• [ACTIVITY] Records follow. Select each line holding "Lane".

• [EXERCISE DATA]
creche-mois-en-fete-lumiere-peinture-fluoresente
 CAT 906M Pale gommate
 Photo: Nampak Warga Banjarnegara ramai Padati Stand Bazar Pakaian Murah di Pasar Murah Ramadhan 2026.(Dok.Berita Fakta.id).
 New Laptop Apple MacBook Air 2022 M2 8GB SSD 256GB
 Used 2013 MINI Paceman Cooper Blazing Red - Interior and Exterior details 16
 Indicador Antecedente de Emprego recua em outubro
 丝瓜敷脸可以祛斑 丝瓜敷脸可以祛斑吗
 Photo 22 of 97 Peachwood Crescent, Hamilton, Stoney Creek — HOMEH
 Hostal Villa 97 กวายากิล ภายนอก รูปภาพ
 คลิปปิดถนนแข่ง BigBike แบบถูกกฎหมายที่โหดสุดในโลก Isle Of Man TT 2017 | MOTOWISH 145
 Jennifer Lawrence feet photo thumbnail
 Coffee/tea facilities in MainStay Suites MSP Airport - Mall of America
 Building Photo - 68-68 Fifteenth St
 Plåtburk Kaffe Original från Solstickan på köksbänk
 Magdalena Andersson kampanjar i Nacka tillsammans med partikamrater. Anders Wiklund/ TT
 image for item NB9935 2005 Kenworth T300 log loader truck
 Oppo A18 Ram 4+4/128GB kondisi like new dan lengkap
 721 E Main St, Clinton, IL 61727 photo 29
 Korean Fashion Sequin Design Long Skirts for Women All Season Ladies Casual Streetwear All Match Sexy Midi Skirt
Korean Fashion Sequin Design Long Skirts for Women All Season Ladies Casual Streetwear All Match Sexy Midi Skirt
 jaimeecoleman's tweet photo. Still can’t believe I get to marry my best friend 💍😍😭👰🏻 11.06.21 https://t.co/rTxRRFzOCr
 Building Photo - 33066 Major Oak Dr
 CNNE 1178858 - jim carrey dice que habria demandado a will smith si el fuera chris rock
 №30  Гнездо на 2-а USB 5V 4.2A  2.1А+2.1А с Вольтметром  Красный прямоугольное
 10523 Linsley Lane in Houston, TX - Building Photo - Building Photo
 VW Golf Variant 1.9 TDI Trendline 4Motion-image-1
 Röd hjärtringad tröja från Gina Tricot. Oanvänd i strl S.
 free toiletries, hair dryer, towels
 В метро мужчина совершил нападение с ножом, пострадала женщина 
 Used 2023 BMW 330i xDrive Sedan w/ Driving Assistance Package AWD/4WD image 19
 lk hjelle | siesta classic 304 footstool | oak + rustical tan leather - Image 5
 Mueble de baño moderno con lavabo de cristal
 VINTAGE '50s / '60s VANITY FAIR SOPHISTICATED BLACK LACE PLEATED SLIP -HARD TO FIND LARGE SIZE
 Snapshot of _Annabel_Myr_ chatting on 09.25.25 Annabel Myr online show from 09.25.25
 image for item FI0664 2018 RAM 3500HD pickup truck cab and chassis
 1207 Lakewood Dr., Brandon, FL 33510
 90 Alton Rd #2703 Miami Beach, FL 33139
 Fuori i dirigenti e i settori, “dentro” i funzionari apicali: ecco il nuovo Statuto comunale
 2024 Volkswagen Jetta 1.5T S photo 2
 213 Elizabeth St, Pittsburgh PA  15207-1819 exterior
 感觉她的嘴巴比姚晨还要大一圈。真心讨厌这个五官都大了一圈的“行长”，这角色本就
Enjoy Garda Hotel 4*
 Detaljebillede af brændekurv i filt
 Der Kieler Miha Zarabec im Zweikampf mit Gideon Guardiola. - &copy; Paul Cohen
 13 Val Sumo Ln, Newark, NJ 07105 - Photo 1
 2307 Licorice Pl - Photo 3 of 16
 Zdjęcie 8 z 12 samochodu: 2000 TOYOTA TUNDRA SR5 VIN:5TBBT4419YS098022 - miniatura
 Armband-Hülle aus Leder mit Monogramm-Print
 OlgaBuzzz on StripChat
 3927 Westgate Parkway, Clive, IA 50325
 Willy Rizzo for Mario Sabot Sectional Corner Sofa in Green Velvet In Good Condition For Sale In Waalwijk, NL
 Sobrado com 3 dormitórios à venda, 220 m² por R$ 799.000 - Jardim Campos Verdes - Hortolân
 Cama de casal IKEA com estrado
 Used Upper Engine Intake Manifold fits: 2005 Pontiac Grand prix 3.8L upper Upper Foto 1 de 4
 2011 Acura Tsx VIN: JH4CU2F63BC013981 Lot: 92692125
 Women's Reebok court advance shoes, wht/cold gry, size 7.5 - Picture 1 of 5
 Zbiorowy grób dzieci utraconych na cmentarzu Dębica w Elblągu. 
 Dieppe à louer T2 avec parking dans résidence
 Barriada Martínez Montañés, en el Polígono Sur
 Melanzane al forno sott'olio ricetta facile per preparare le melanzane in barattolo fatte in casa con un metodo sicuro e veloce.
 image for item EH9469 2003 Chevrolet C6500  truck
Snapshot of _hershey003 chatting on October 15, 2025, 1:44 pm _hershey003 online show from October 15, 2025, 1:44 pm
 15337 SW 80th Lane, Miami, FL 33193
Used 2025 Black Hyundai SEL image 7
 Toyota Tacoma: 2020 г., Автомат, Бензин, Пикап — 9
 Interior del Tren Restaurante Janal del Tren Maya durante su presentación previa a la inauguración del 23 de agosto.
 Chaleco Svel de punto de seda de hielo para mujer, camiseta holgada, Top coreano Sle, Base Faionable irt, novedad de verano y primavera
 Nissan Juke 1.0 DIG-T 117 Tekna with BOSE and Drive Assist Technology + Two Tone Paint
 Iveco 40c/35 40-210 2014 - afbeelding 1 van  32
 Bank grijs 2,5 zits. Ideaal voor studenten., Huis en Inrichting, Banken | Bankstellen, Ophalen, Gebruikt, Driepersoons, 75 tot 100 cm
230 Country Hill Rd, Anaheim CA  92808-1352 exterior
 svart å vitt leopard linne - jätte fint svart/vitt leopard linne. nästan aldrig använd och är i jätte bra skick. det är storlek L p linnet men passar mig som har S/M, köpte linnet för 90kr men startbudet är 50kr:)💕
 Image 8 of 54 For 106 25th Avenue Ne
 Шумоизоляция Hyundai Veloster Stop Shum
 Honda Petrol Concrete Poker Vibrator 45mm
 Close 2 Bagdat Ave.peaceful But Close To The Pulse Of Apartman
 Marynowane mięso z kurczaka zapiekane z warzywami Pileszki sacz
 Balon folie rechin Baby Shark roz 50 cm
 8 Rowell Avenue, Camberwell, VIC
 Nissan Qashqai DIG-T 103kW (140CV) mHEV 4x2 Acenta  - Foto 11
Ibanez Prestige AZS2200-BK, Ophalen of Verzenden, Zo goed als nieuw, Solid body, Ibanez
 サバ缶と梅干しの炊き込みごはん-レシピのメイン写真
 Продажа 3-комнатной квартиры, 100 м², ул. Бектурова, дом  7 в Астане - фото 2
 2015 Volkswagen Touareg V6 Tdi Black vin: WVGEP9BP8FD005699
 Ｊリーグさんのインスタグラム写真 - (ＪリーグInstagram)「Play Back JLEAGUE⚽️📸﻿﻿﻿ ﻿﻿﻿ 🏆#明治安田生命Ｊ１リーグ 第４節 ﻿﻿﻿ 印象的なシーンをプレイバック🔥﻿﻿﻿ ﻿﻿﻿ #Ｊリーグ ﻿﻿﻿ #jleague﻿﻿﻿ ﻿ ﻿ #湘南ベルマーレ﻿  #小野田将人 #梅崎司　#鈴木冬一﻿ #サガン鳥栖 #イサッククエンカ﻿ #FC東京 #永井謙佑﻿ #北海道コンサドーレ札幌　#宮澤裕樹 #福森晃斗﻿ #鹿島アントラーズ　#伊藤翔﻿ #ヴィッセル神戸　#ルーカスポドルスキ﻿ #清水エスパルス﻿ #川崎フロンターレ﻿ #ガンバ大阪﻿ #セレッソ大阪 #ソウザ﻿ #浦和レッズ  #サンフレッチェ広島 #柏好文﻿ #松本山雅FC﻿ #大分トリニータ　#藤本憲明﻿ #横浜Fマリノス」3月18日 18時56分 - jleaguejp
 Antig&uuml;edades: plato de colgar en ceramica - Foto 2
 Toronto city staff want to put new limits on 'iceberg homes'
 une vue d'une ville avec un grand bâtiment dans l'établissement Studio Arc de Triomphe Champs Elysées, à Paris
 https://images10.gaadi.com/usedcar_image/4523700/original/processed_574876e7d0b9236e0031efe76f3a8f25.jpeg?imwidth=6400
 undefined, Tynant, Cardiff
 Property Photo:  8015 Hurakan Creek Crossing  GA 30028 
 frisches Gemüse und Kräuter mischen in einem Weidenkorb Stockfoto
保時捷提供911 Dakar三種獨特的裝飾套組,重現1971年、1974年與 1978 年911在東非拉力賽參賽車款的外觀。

• [RESULT]
 10523 Linsley Lane in Houston, TX - Building Photo - Building Photo
 15337 SW 80th Lane, Miami, FL 33193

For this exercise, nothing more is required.